If you are using OAuth, change --auth password to --auth xoauth2.

You can also pass --access-token ... directly on the command line instead of using an environment variable, but env vars or another local secret source are usually easier to avoid shell history.

sync imap prints one JSON object that summarizes the run and then lists each folder result:

{
"status": "ok",
"host": "imap.example.com",
"port": 993,
"username": "user@example.com",
"auth": "password",
"folder_count": 1,
"error_count": 0,
"fetched_count": 12,
"ingested_count": 11,
"duplicate_count": 1,
"folders": [
{
"folder": "INBOX",
"status": "ok",
"uidvalidity": "11",
"last_uid": 4812,
"fetched_count": 12,
"ingested_count": 11,
"duplicate_count": 1,
"document_refs": [
{
"id": "<document-id>",
"subject": "Daily market digest",
"source_kind": "imap",
"created_at": "<timestamp>"
}
],
"error": null
}
]
}

Use the returned document_refs[].id values with mailatlas show or mailatlas export.

Terminal window
mailatlas list \
--db .mailatlas/store.db \
--workspace .mailatlas/workspace
mailatlas show <document-id> \
--db .mailatlas/store.db \
--workspace .mailatlas/workspace

When you rerun the same folder sync against the same --db, MailAtlas uses stored IMAP cursor state to fetch only newer messages when possible. If you point the command at a different database, you start a fresh sync history.

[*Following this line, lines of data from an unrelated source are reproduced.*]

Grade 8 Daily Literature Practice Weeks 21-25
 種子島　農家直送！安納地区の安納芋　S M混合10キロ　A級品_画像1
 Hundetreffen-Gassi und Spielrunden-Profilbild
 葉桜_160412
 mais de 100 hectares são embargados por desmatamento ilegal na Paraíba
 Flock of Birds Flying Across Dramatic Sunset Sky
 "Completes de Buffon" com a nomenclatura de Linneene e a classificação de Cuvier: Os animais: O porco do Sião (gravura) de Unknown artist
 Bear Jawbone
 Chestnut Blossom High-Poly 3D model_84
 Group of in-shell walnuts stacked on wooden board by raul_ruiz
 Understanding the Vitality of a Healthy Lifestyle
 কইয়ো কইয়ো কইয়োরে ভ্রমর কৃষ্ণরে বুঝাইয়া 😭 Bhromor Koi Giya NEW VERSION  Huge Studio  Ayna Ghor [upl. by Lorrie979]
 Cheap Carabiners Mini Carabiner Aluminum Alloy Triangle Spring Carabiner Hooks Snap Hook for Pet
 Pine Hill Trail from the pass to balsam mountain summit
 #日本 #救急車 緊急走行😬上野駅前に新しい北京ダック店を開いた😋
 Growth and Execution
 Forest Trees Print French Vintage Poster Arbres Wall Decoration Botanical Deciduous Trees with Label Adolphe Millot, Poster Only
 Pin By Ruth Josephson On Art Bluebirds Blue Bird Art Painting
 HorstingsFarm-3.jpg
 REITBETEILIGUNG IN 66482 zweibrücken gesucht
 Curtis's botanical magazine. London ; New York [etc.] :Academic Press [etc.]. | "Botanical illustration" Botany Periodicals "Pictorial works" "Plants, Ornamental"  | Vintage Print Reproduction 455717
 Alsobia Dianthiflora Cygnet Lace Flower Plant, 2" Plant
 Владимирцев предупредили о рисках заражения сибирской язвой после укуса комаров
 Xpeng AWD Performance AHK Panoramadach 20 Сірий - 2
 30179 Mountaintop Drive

MailAtlas is OAuth-compatible, but it is not your OAuth client. The intended setup is:

  • your product or local tooling obtains an access token
  • MailAtlas receives that token with MAILATLAS_IMAP_ACCESS_TOKEN or --access-token
  • MailAtlas uses XOAUTH2 to authenticate the IMAP session

This keeps provider-specific login UX, consent, token refresh, and secure token storage outside the MailAtlas ingestion core.

sync imap accepts the same cleaning flags as file ingest, including:

  • --strip-forwarded-headers
  • --strip-boilerplate
  • --strip-link-only-lines
  • --stop-at-footer
  • --strip-invisible-chars
  • --normalize-whitespace

See Parser Cleaning for behavior and tradeoffs.